Thankfully, we received a check from our relatives for their shared portion of the Hawaii trip expenses (incurred in February), plus another couple checks that made net expenses in March a positive $920.
Meaning, over the last three months we’ve averaged expenses of $3,231.70 per month….well under our stated goal of $4k per month.
While February and March contained many of our Hawaii expenses (prepaying of flights and lodging), expenses during the trip will fall into April. Look for those expenses in our April expenses post.
Dividends for March
After an uneventful February, dividend income made a big comeback in March!
From the table above, you can see that dividends amounted to $5,352.24. Thankfully, this month’s dividends exceeded our stated goal of $4k per month.

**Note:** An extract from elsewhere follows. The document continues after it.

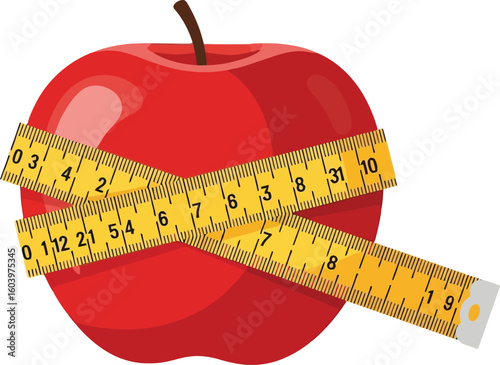 Apple diet plan for weight loss healthy eating and fitness measuring tape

It also exceeded March’s regular monthly expenses (not counting the Hawaii trip) by $1,172.32. It looks like we’re back in the green!
As I’ve mentioned in past months, we are not utilizing dividends from our tax-exempt accounts (401k’s, IRA’s, etc). Instead, we are letting those accounts continue to grow while we live off our taxable accounts.

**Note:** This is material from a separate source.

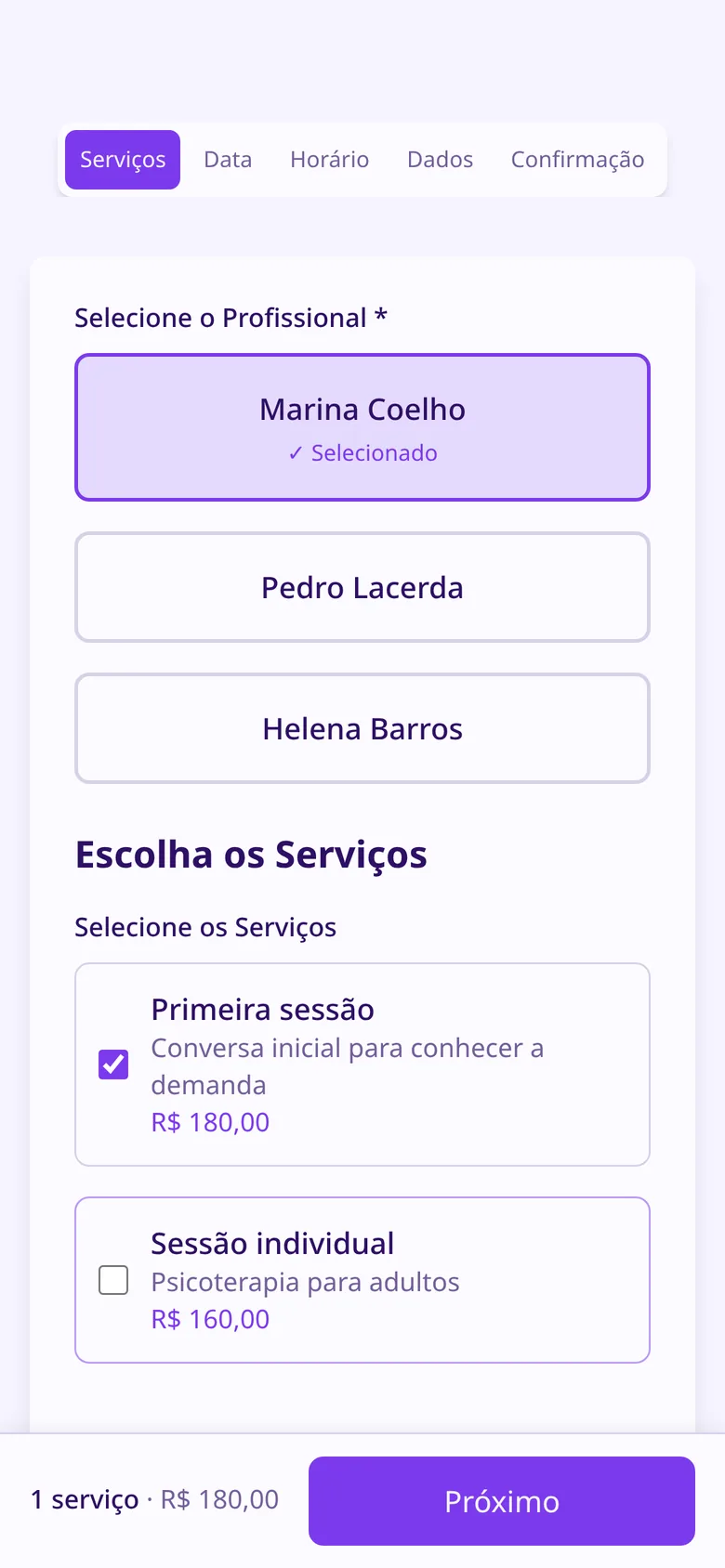 Tela de agendamento: escolha da psicóloga e da sessão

For 2016, our intention is to live off dividends alone, without selling any equity investments. So far this year we’ve seen our dividend income look like this:
As expected, dividend income is quite lumpy. This is completely normal, and mainly due to when assets pay dividends. We maintain a cash account for dealing with months when we run-over our dividend income. This cash account has roughly 6 months worth of regular expenses.
As you can see, our average dividend income ($3,397) is slightly below our goal income of $4k per month, but I’m not worried! We still have 9 months of dividend income to go, and we still have large amounts of cash to invest. As we invest the cash over the remainder of the year, I expect our dividend income to grow.
Unlike February, in March we made no new investments. We had family visiting in March (and April), so we’ve been far too busy to make portfolio changes. That said, I wouldn’t have made any changes anyway. We simply stayed-the-course and collected dividends in March.
Good News for April
There is good news on the expenses front coming up in April! First, our daycare expenses will go down! Tako Jr. #1 turned 3 years old in Hawaii, which means we get a reduction in our daycare expenses for him! Congrats Tako Jr. #1! We gain an extra $80 a month, or $960/year! This is fantastic news!
Second, I called Comcast in late March and had our internet package reduced to a lower speed. If you recall, in February, they raised the price of our internet package by $5 to $70/month. The price changes were happening every year, and the latest price increase spurred me to action!
After a quick phone call, I had the slower speed at the latest promotional price. Other than measuring with tools like speedtest.net, I’ve been unable to see a noticeable change in internet performance. This should save us $30 per month, or $360/year during the promotional period.
That’s it for March, but we’ll do another one of these posts in early April!